Büyük ve güçlü devletler, insan kaynağını en iyi kullanan devletlerdir. Geri kalmış devletler ise insan kaynağını heba edenlerdir. “Merkezi sınav + merkezi yerleştirme” sistemi, hakkıyla uygulandığında, liyakati esas alarak, en uygun işe en uygun insanın yerleştirilmesini sağlayacaktır. Hak ve Adalet tesis edildiğinde, tüm taşlar yerine oturduğunda, herkesin içi rahat ettiğinde, millet ve devlet birbirini kucakladığında, ülke çok daha iyi bir geleceğe doğru yol alacaktır. Kalkınmanın ve gelişmenin önü açılacak, kronikleşmiş sorunların bile çözülmeye başlandığı görülecektir.

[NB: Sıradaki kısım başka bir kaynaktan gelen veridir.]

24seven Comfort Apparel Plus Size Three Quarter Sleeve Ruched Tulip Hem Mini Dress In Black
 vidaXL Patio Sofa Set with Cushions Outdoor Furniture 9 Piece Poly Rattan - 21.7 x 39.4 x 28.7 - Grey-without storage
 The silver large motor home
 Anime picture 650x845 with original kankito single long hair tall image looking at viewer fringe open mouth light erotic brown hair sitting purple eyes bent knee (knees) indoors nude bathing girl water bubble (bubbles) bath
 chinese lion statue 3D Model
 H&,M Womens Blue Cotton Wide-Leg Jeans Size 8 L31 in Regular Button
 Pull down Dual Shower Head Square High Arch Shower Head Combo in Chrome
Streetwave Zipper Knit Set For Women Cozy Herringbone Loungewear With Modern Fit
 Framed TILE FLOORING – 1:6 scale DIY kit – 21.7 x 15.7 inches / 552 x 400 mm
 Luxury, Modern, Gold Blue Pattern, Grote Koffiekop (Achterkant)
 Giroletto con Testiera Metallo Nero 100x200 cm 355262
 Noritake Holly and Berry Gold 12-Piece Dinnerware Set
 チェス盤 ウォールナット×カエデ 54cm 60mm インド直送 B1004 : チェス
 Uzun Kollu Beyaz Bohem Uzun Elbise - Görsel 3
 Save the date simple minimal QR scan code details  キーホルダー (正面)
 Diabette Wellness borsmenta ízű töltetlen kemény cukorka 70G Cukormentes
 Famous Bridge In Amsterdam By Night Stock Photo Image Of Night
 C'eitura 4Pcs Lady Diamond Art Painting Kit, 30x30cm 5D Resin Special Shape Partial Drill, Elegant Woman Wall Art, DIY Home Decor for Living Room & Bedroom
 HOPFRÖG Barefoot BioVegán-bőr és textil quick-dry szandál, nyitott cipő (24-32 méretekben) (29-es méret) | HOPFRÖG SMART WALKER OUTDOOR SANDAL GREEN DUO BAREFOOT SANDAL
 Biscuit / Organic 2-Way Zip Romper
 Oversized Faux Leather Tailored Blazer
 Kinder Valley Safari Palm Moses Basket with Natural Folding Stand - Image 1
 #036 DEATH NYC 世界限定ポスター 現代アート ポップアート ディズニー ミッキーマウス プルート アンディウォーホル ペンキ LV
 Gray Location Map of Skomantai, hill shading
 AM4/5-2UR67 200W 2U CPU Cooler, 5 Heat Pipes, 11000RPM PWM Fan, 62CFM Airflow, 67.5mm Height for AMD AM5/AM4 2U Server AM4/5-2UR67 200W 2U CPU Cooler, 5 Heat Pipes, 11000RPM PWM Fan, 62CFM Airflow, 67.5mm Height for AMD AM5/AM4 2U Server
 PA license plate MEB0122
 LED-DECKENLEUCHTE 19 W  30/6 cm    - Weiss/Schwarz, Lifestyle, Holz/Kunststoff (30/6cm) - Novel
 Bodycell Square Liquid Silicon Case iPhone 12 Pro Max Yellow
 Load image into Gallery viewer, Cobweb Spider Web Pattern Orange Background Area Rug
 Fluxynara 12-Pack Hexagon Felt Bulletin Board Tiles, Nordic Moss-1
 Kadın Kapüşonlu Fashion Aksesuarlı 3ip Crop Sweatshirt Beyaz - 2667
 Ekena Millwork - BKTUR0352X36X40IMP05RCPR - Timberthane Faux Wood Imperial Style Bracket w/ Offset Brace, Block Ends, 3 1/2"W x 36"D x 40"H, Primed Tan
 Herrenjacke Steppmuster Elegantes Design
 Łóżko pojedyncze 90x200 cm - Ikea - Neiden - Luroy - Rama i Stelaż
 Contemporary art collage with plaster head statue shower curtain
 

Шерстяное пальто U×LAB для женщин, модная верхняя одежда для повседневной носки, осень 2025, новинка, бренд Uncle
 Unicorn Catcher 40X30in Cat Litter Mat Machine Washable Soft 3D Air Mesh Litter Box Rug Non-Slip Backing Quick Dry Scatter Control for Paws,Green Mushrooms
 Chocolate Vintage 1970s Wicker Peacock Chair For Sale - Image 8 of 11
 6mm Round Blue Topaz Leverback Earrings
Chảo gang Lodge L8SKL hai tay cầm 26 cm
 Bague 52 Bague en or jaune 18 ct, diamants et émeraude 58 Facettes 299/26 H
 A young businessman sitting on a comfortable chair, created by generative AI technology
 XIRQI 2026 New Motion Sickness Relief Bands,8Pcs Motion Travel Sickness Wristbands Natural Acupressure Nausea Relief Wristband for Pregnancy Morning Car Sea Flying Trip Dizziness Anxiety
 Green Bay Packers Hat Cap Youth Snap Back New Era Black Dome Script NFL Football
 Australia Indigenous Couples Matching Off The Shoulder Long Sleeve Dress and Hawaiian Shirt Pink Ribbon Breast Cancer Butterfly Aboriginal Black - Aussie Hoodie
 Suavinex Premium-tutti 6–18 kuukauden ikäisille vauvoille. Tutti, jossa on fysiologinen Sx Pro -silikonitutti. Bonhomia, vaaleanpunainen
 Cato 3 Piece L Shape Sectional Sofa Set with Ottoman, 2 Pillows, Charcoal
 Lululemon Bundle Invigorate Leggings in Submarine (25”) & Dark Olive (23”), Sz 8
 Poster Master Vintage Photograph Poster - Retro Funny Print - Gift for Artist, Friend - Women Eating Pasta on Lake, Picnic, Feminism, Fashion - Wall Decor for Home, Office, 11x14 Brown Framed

Devlete memur almak, tek başına düşünüldüğünde, birey bazında ele alındığında; bir kişiyi iş sahibi yapmak olarak görülebilir. Ancak olay bu kadar basit değildir. Devlete memur almak demek, devletin geleceğini şekillendirmek, devletin yarınlarına yön vermek demektir. Bunun için memur olarak alınacak kişinin özellikleri ve nitelikleri çok önemlidir ve yine bu yüzden seçimi de Hak ve Adalet esasları çerçevesinde hassas bir uygulama ile yapılmalıdır.